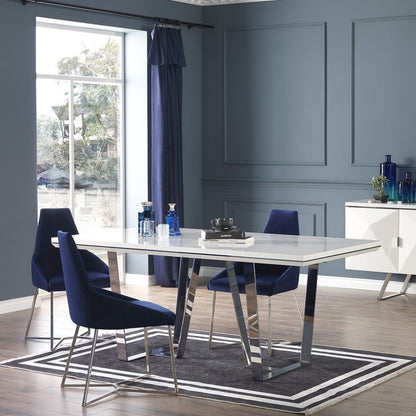 Tavolo bianco laccato 185x95x78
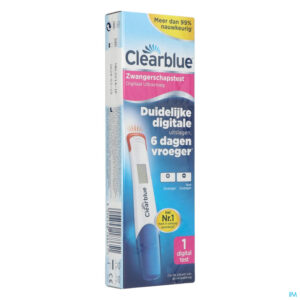 Packshot Clearblue Zwangerschapstest Digitaal Ultravroeg 1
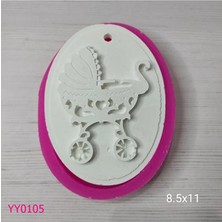 YOYOMOLD YY0105 Elips Bebek Arabalı Silikon Kalıp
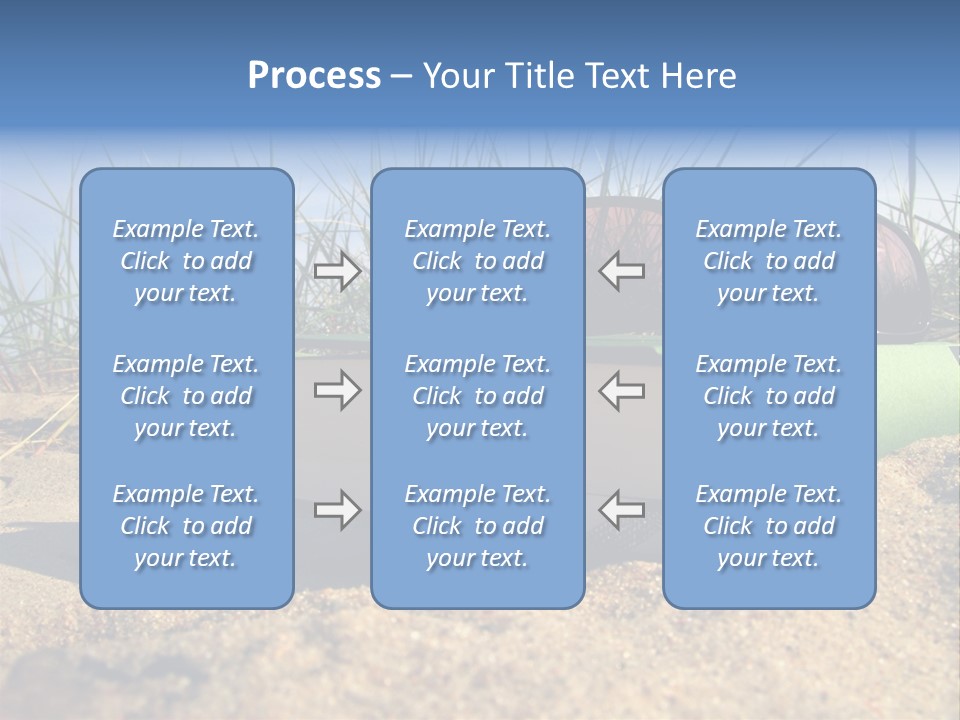 Reading Nature Sand PowerPoint Template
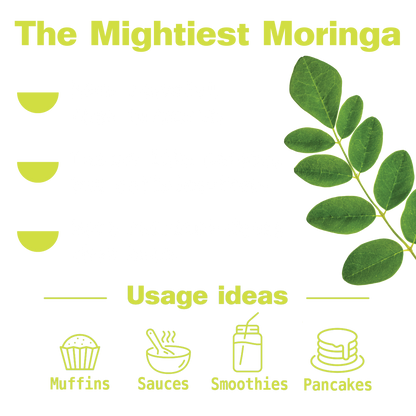 Organic Pure Moringa Powder (7.4 oz)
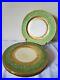 Set-of-4-Selb-Bavarian-Green-and-Gold-Encrusted-11-Dinner-Plates-01-sa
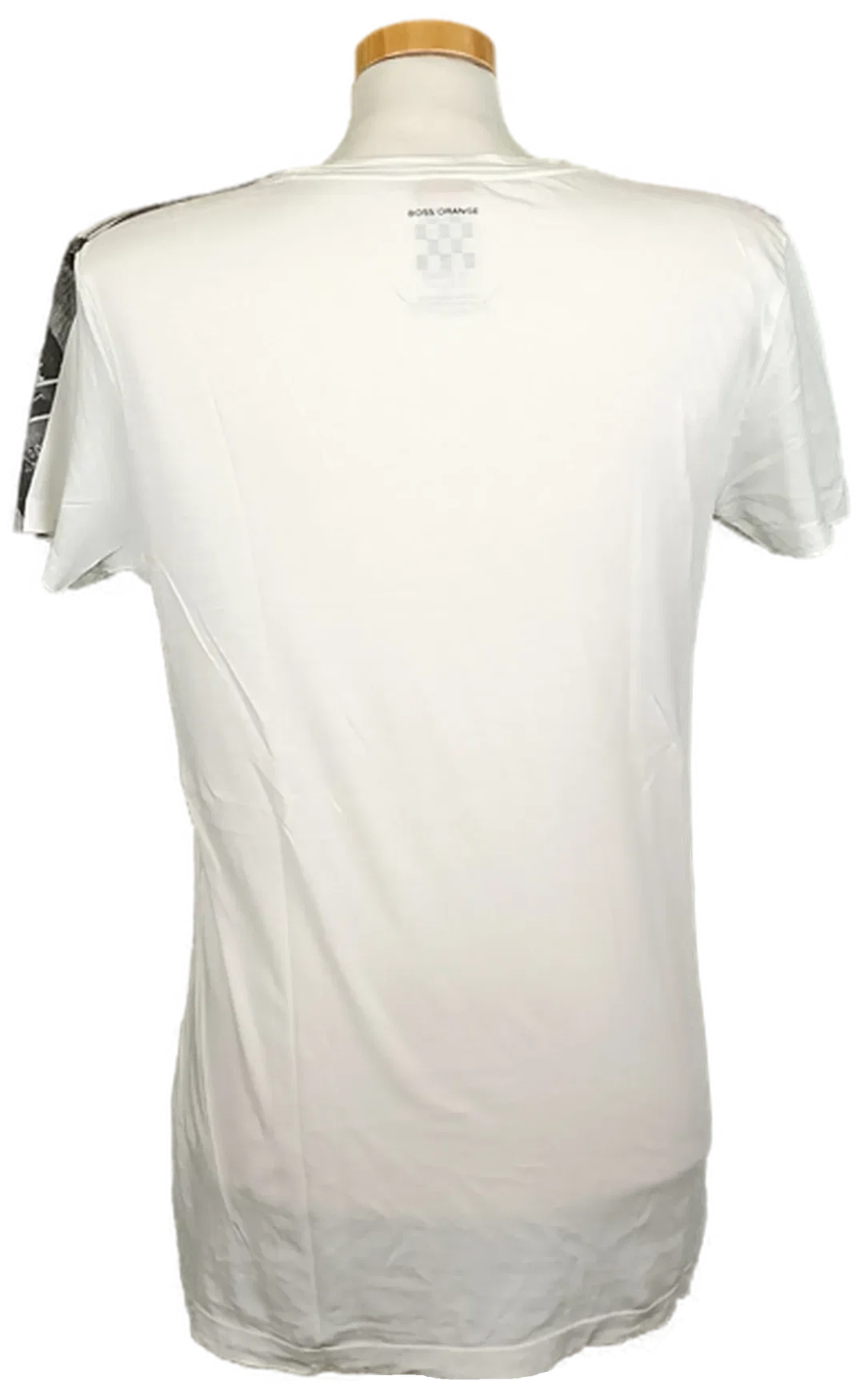 Hugo Boss Herren T-Shirt schwarz/weiß gemustert Gr. M – Bild 2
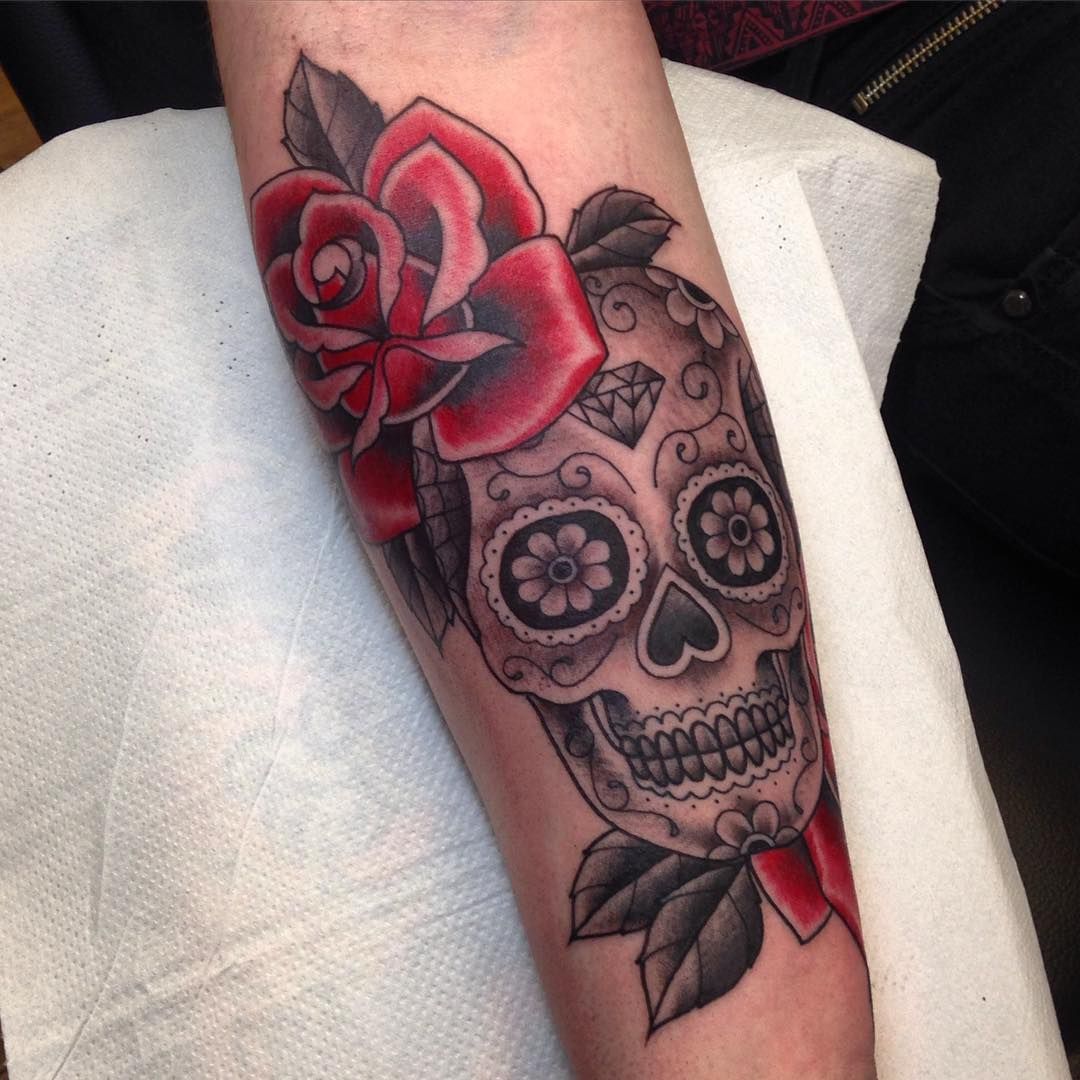 Le tatouage mexicain Skull Rose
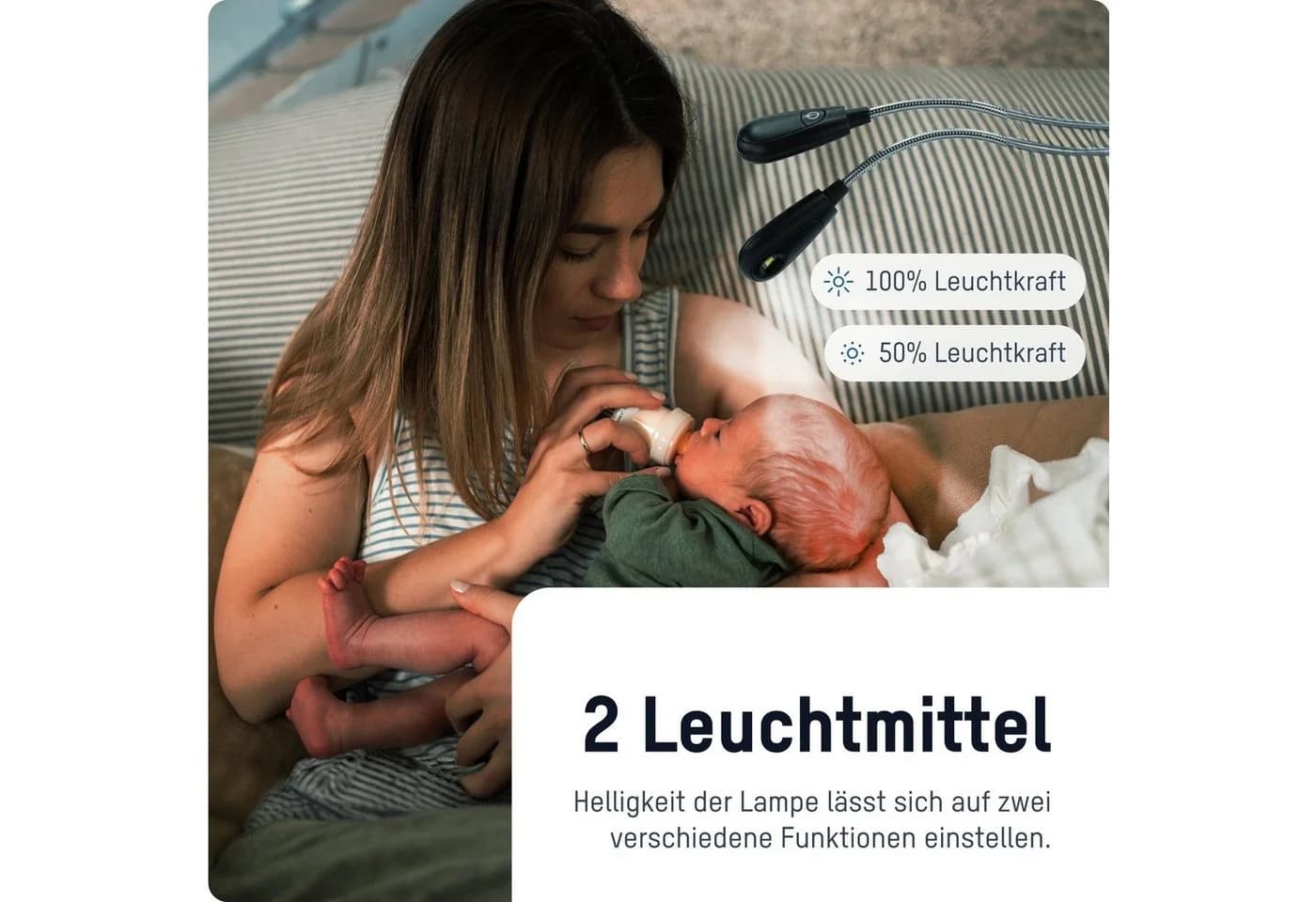 ANSMANN AG LED Klemmleuchte Twinflex - Flexible Leselampe Dimmbar Schwarz - Bild 4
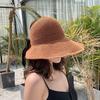 Женская соломенная шляпа солнцезащитная кепка шляпа-ведро летняя HAT31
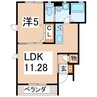 東北本線/郡山駅 バス:12分:停歩3分 1階 築12年 1LDKの間取り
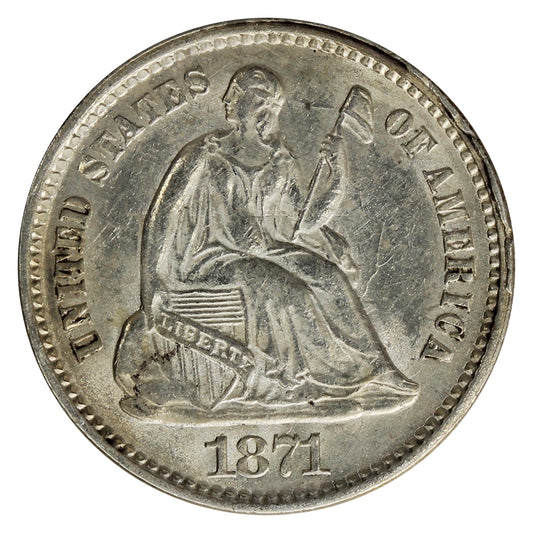 1871 USA Half Dime AU-UNC (AU-55) $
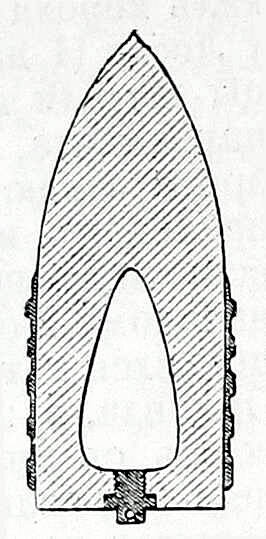 Один из ранних образцов бронебойного снаряда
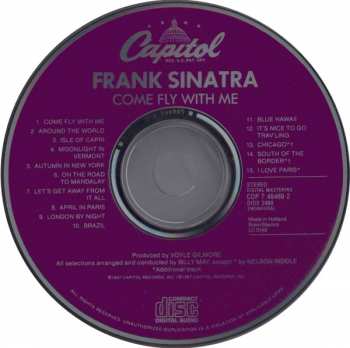 CD Frank Sinatra: Come Fly With Me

• PROBLEM TO SOLVE: Look above for the line with "ANSMANN AG LED" and the line with "1871 USA Half Dime AU-UNC (AU-55) $"; set down those two lines and all lines between them exactly, without pictures and without anything else.

• RESULT OF THIS EXERCISE:
 ANSMANN AG LED Klemmleuchte Twinflex - Flexible Leselampe Dimmbar Schwarz - Bild 4
 Женская соломенная шляпа солнцезащитная кепка шляпа-ведро летняя HAT31
 東北本線/郡山駅 バス:12分:停歩3分 1階 築12年 1LDKの間取り
 1871 USA Half Dime AU-UNC (AU-55) $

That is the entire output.